(TASK DETAILS) All that is wanted is the exact text of the lines below from the one with "Used 2024 Toyota Corolla LE FWD image 29" through the one with "Сірий Рено Меган, об'ємом", inclusive, minus any pictures.
#### TASK DATA ####
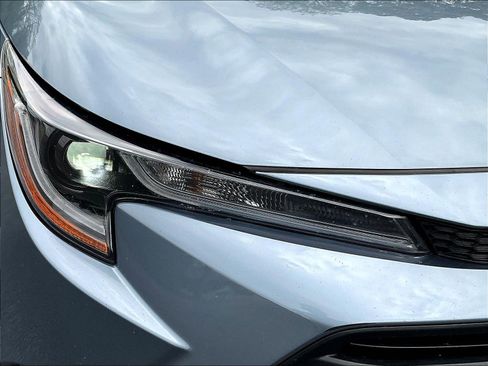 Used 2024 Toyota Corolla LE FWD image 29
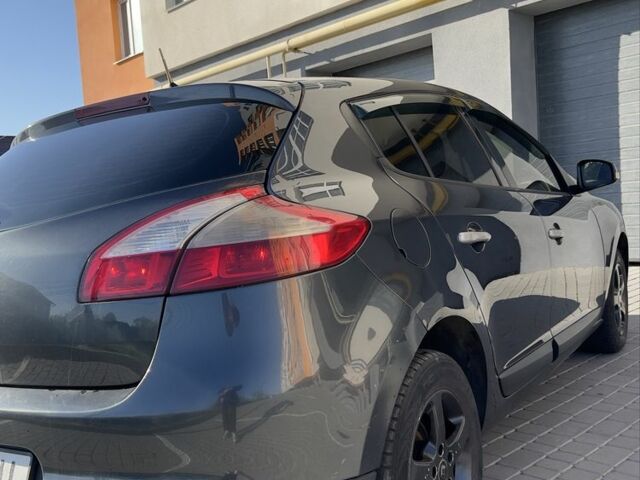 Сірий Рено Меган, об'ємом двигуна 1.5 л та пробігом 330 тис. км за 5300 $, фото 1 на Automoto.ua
####
#### TASK DATA ####
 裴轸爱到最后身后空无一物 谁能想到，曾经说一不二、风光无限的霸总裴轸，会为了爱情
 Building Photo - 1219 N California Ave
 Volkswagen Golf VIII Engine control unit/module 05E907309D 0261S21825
####
(ANSWER FOR THE TASK)
 Used 2024 Toyota Corolla LE FWD image 29
 Сірий Рено Меган, об'ємом двигуна 1.5 л та пробігом 330 тис. км за 5300 $, фото 1 на Automoto.ua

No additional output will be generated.